Task 5: Demonstration of Regenerative Braking System Using Arduino PWM Control

Aim:

To demonstrate the concept of regenerative braking using a DC motor controlled by Arduino PWM, where the motor acts as a generator during braking, converting kinetic energy into electrical energy.

Components required:

1.9V DC motor

2.Push button

3.LED

4.220 ohm resistors

5.CL100 NPN transistor

6.Breadboard

7.Jumpers

8.Arduino uno

Theory:

In electric vehicles, regenerative braking converts the vehicle’s kinetic energy into electrical energy during deceleration, instead of wasting it as heat. The motor acts as a generator, feeding energy back into the system.

In this task:

• A 9V DC motor is powered via PWM (Pulse Width Modulation) from an Arduino Uno using a CL100 NPN transistor as a switch.
• When the push button is not pressed, the motor spins and the system simulates normal operation.
• When the push button is pressed, PWM is stopped, and the motor’s terminals are rerouted to an LED + resistor, acting as a load.
• The motor continues to spin due to inertia and acts as a generator, lighting up the LED – demonstrating regenerative braking.

Significance of PWM:

1. Speed Control of the DC Motor

• PWM allows you to control the speed of the DC motor efficiently. By adjusting the duty cycle of the PWM signal (the percentage of time the signal is HIGH in one cycle):
• Higher duty cycle (e.g., 80%) → More power to motor → Higher speed
• Lower duty cycle (e.g., 30%) → Less power → Slower speed
• This mimics real-world electric vehicle operation, where motor speed changes based on user throttle input.

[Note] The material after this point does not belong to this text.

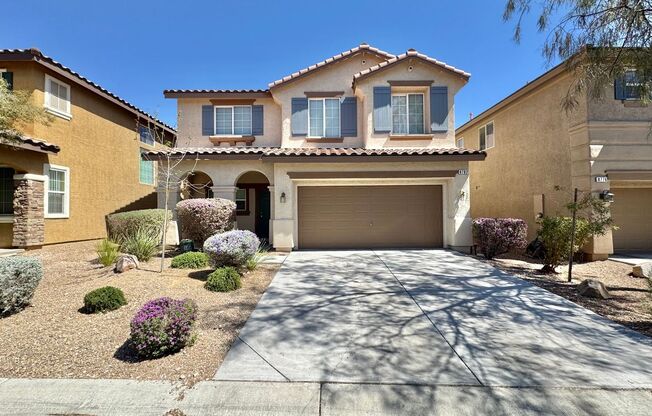 STUNNING 2-STORY 4 BEDROOM/ 2 FULL BATH PLUS 1/2 BATH MOUNTAIN EDGE COMMUNIT HOME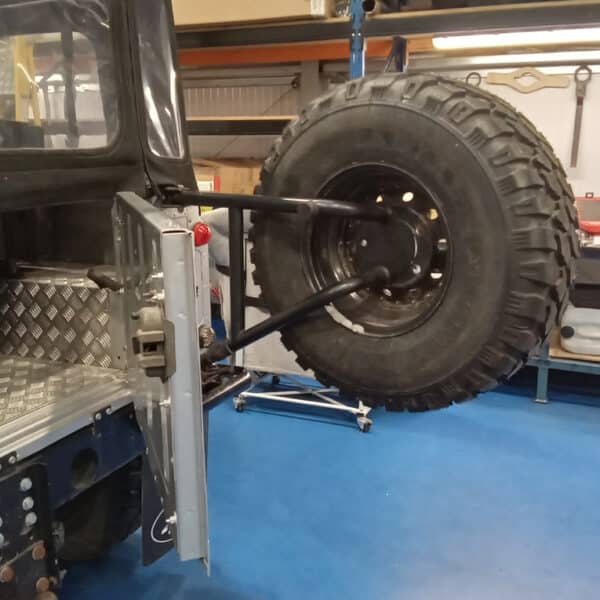 121225 1987 Land Rover Defender 90 Repairs 3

1. Smooth Transition to Regenerative Braking

• The motor is first accelerated using PWM.
• On pressing the brake button, the Arduino cuts the PWM output to zero, disconnecting motor power.
• The motor then continues to spin due to inertia and acts as a generator, feeding power to the LED load.

Without PWM, you'd have a simple ON/OFF motor control using full voltage. This would not:

• Allow variable speed control
• Demonstrate realistic energy generation based on previous speed
• Mimic real braking behavior, where regeneration depends on how fast the motor was spinning.

Procedure:

Motor Control Circuit:

1.Connect motor’s positive terminal to +9V power supply.

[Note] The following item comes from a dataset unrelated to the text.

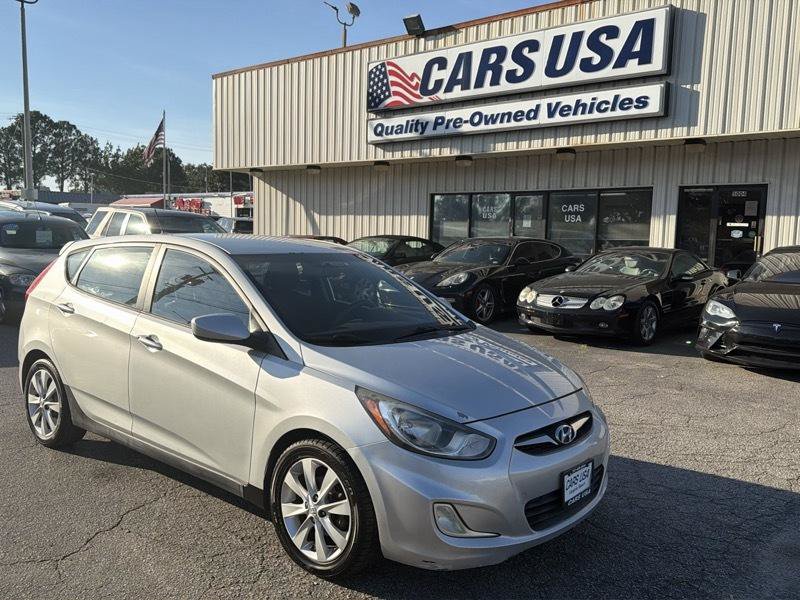 Used 2012 Hyundai Accent SE FWD image 1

2.Connect motor’s negative terminal to the Collector of the CL100 transistor.

3.Connect Emitter of the CL100 transistor to GND (common ground with Arduino and power supply).

4.Connect Arduino pin D9 (PWM) to the Base of the CL100 transistor through a 220Ω resistor.

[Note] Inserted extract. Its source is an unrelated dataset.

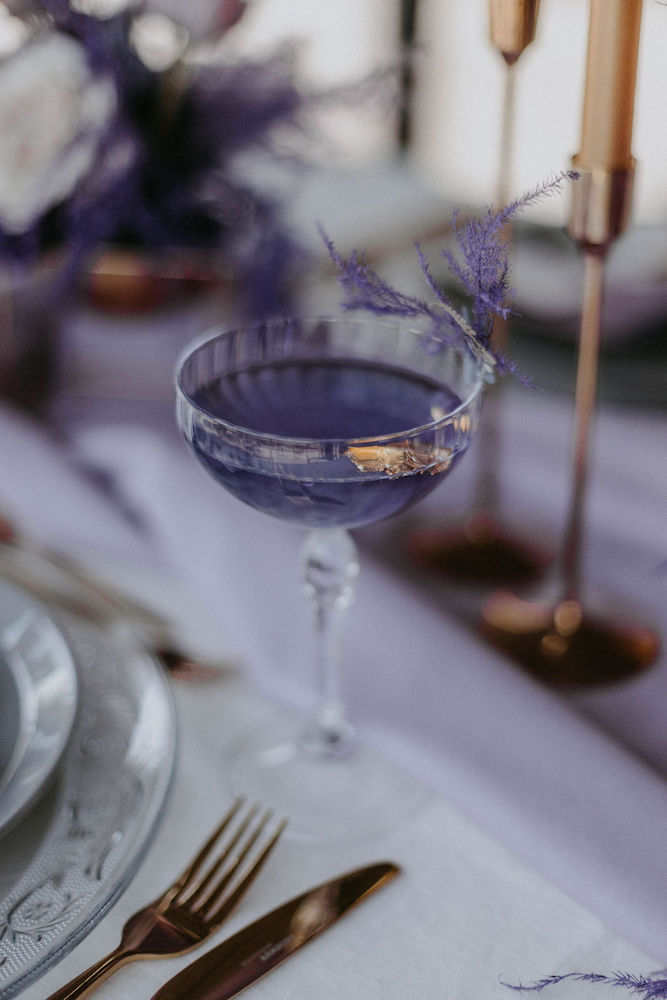 Hochzeit feiern in schönstem Lila dank der Pantone Farbe 2022 - Very Peri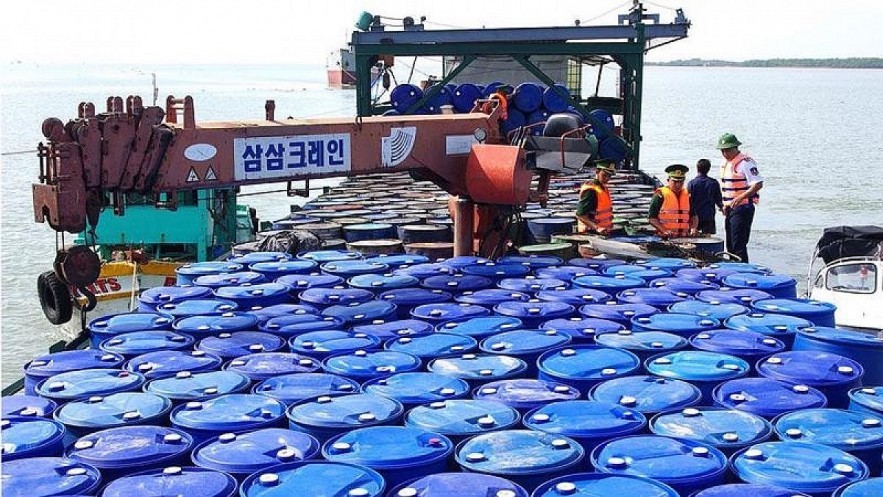 Gian nan phòng chống buôn lậu xăng dầu trên biển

5.Place a 10kΩ resistor (optional) between the transistor's base and ground for better signal stability.

6.Connect a flyback diode (1N4007) across motor terminals: cathode to +9V, anode to collector, to protect the transistor.

Braking Control (LED Load):

1.Connect the LED + 220Ω resistor in parallel to the motor terminals, but control it using Arduino pin D8.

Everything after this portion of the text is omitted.